In her second children’s novel, Ann Towell of Shetland, Ontario, employs a little-known historical event as the foundation for a solid coming of age story featuring complex characters and a nuanced exploration of race and class issues.

In 1863, the tiny town of Oil Springs (near present-day Sarnia) is little more than a swamp, but one that teems with black gold. As a result, it’s booming with hordes of men seeking fortune. It is also home to many former slaves who came to Canada via the Underground Railroad. And there is one boy in town who’s not supposed to be there at all.

Twelve-year-old Titus Sullivan stows away in the back of his older brother’s wagon to escape the strictures of his tyrannical Aunt Sadie. Titus, who is white, befriends Moses, a black boy his own age, and the twosome start a business providing tours of the local oil operations to curious city folk.

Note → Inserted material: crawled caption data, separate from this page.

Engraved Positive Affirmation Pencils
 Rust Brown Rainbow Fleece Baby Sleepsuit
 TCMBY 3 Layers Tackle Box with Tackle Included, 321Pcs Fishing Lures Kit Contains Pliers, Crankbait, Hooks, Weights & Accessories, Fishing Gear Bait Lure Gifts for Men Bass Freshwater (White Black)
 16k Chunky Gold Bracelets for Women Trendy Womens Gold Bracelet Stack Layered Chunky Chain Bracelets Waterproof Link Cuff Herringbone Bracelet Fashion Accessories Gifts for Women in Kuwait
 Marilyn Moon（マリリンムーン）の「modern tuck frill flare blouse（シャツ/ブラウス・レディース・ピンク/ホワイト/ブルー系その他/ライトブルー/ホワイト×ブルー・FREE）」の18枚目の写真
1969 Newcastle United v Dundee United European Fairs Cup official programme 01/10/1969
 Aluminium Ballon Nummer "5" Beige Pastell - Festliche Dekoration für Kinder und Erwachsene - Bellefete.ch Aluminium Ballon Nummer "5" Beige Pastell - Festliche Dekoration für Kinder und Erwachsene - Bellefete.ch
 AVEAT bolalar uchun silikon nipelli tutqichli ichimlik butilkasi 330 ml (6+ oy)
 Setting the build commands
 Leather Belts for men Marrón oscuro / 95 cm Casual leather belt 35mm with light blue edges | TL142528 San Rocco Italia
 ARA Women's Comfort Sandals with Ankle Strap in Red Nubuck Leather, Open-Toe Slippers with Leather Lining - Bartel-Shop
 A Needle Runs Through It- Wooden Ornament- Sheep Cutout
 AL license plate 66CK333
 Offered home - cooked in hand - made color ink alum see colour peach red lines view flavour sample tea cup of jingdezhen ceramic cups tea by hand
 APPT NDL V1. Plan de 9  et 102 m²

As time goes on, Moses and his kin become less welcome – they are accused of stealing jobs from whites because of the lower wages they have no choice but to accept. When the town erupts in a race riot, Titus has to make a choice.

Grease Town’s skilful first-person narration lends the novel an authentic tone. The book is rich with action and conflict, and Towell satisfyingly draws out tensions between the raw machismo of the mostly male populace of Oil Springs and the civilizing influences of both Aunt Sadie and Mrs. Ryan, a teacher who instills in Titus a love of reading that he passes on to Merry, a spunky servant girl.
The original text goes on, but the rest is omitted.